Baileys Harbor has redesign on its mind.
On the unanimous recommendation of its Plan Commission, the Baileys Harbor Town Board voted at its monthly meeting on May 11 to submit an application to be considered for an intense three-day session with a group of planning/marketing experts to design a cohesive vision of the future for the community.
The word “community” is important here because the program is about community rather than municipality.
That was made clear at the May 4 presentation on the redesign program before the town Plan Commission when Todd Johnson, Land Use and Community Development Specialist with the University of Wisconsin-Extension at UW-Whitewater, said an application to undergo the redesign process will not fly if it is submitted solely by a governmental entity. The request has to come from the community – the businesses, residents, homeowners, landowners, young and old, everyone with a stake in the community. Yes, even government officials.

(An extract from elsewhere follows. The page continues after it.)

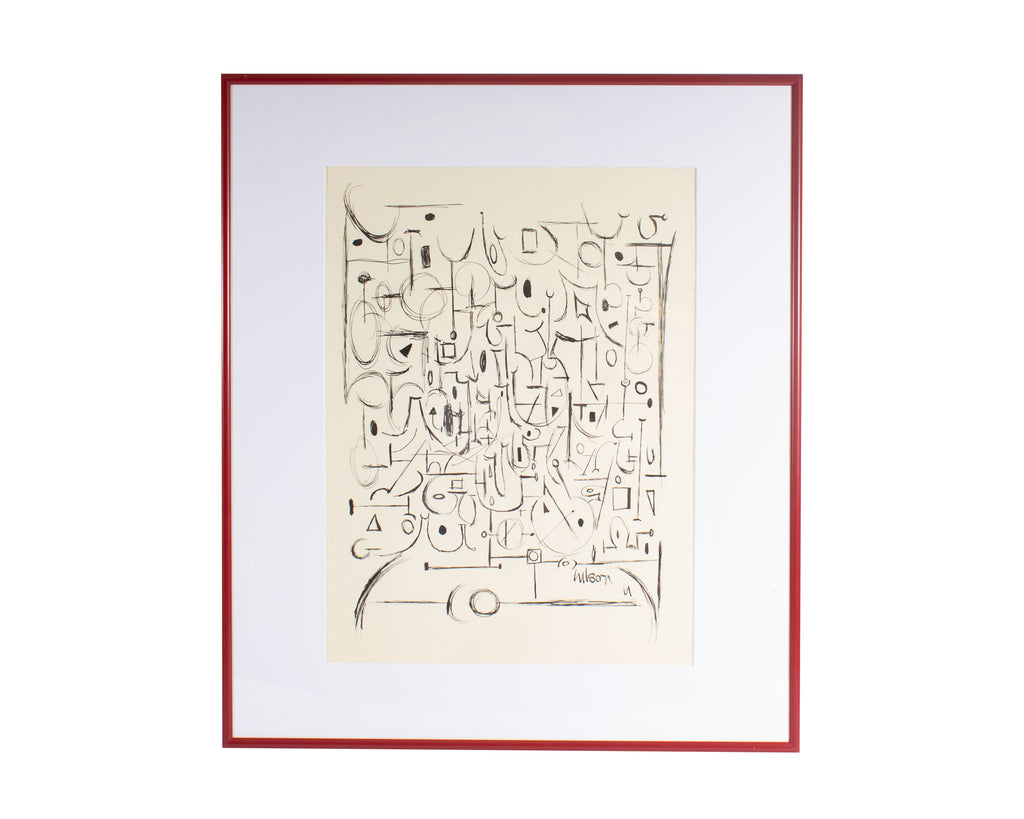  Harry Hilson Signed 1961 Abstract Ink Drawing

Johnson explained to the Plan Commission, and Plan Commission Chair Gordon Rowley explained to the town board, that the program was developed in Minnesota in 1983 to help small towns understand themselves through dialogue about the pros and cons of living in that community, and then making plans to eliminate or correct the cons and highlight the pros. The group of 20-or so high-profile experts then take all that information and help process and define all those elements into a clear path for development, from immediate fixes to long-term solutions.
Rowley, after reminding everyone of the lengthy and abstract Smart Growth planning sessions the town had been through previously on two occasions, said of the UW-Extension redesign program, “Outcomes are more practical than abstract.”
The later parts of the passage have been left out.